Happy to share my paper on Learning to Exploit Elastic Actuators for Quadruped Locomotion.

We learn to trot/pronk in only 10 minutes, directly on the real robot 🐈.
Paper: https://arxiv.org/abs/2209.07171

#RL #reinforcementlearning #reinforcement #learning #robot #robots #locomotion

Learning to Exploit Elastic Actuators for Quadruped Locomotion

Spring-based actuators in legged locomotion provide energy-efficiency and improved performance, but increase the difficulty of controller design. While previous work has focused on extensive modeling and simulation to find optimal controllers for such systems, we propose to learn model-free controllers directly on the real robot. In our approach, gaits are first synthesized by central pattern generators (CPGs), whose parameters are optimized to quickly obtain an open-loop controller that achieves efficient locomotion. Then, to make this controller more robust and further improve the performance, we use reinforcement learning to close the loop, to learn corrective actions on top of the CPGs. We evaluate the proposed approach on the DLR elastic quadruped bert. Our results in learning trotting and pronking gaits show that exploitation of the spring actuator dynamics emerges naturally from optimizing for dynamic motions, yielding high-performing locomotion, particularly the fastest walking gait recorded on bert, despite being model-free. The whole process takes no more than 1.5 hours on the real robot and results in natural-looking gaits.

arXiv.org
@araffin Nice work!
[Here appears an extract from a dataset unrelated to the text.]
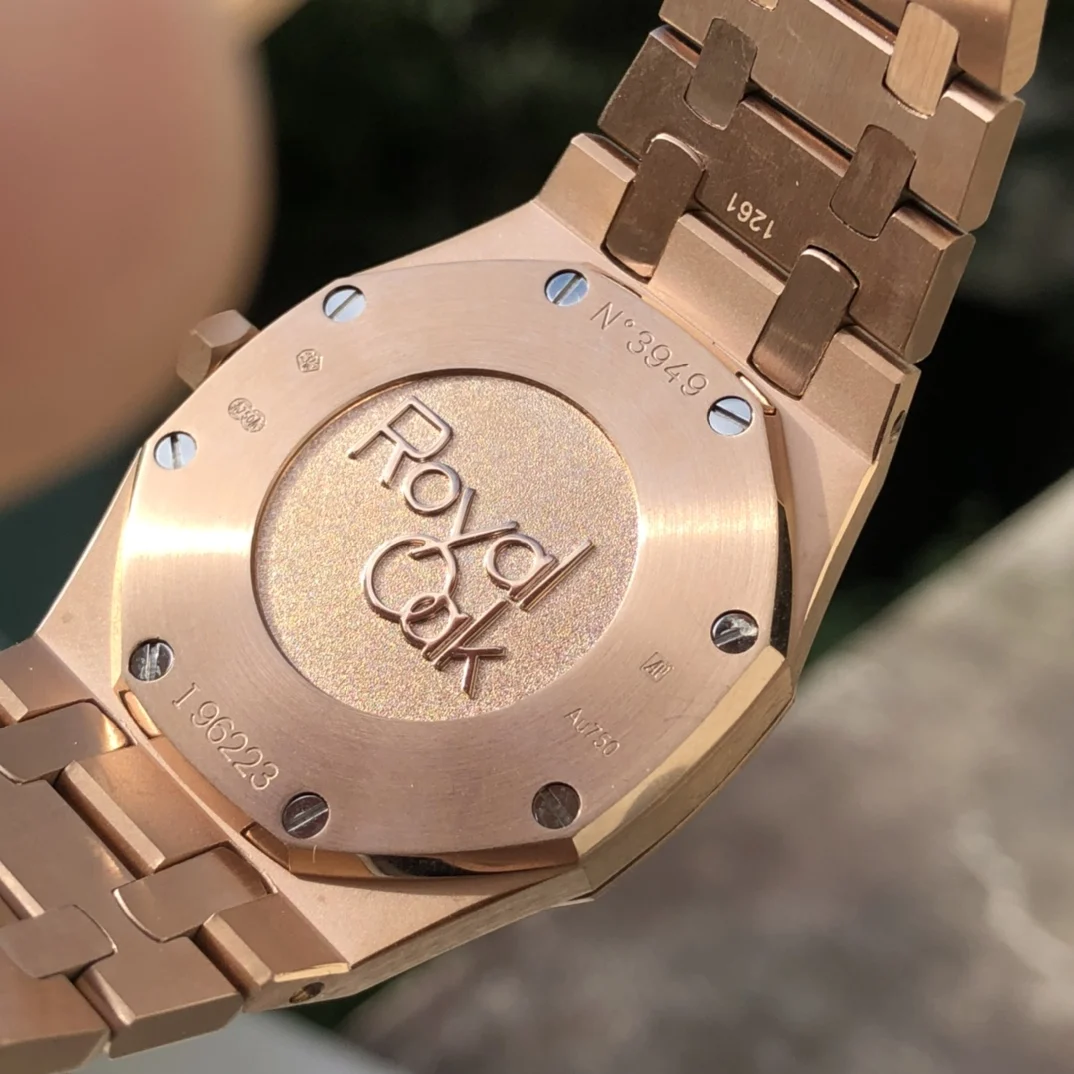 Rose gold, dark blue dial — photographed off the sweep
I was wondering what optimization algorithm you were using that is sample-efficient enough for real trials. The paper says black-box optimization (BBO). Is that a way of saying "we won't disclose", or am I missing something obvious?
@maxy "To tune the parameters of the open-loop controller, we
use Bayesian optimization, as it is sample efficient in low-
dimensional search spaces [23]. We use the TPE [39] im-
plementation from the Optuna [40] library."

@araffin Thanks. After re-reading it's clear.

I didn't make the connection from that section to the term BBO when reading the first time. (And later I was searching for "BBO", expecting to find the algorithm name somewhere close by.)